There’s a fine line between simple feature creep and going over the top when it comes to project design. It’s hard to say exactly where that line is, but we’re pretty sure that this filament dry box has at least stepped over it, and might even have erased it entirely.
Sure, we all know the value of storing 3D printer filament under controlled conditions, to prevent the hygroscopic plastics from picking up atmospheric moisture. But [Sasa Karanovic] must really, REALLY hate the printing artifacts that result. Starting with a commercially available dry box that already had a built-in heating element, [Sasa] took it to the next level by replacing the controller and display with an ESP32. He added a fan to improve air circulation inside the enclosure and prevent stratification, as well as temperature and humidity sensors. Not satisfied with simply switching the heating element on and off at specific setpoints, he also implemented a PID loop to maintain a constant temperature. And of course, there’s a web UI and an API available for third-party control and monitoring.
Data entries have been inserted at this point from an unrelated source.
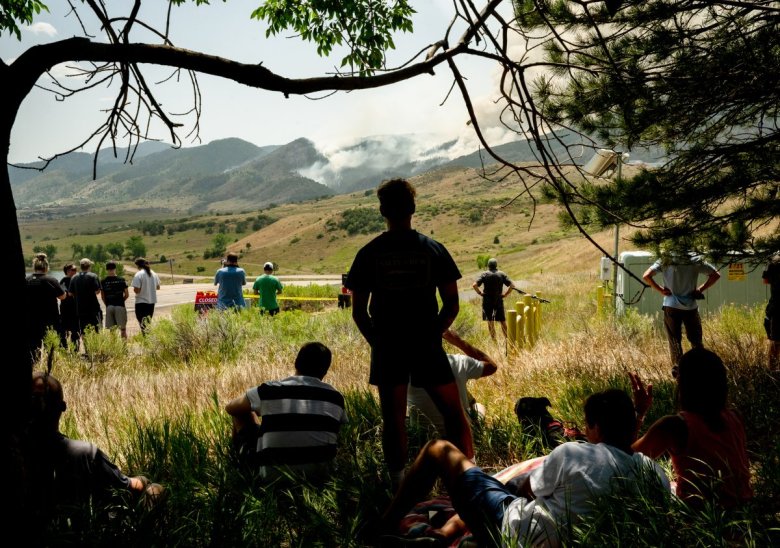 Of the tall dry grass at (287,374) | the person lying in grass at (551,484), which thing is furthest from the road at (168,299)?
the person lying in grass at (551,484)

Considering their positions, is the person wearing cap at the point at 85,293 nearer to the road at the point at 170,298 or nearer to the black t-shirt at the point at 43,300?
the black t-shirt at the point at 43,300

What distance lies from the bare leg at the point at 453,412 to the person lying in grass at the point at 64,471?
1.49 m

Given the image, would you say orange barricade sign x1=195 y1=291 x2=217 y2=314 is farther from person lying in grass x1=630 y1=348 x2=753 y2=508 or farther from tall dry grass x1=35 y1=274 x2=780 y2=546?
person lying in grass x1=630 y1=348 x2=753 y2=508

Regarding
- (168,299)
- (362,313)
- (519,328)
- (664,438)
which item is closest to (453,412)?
(362,313)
The video below details [Sasa]’s design thoughts and goes into some detail on construction and performance. And while we may kid that this design is over-the-top, what really comes through is that this is a showcase for design ideas not only for one application, but for hardware projects in general. There are certainly simpler heated dry box designs, and zero-cost solutions as well, but sometimes going overboard has its own value too.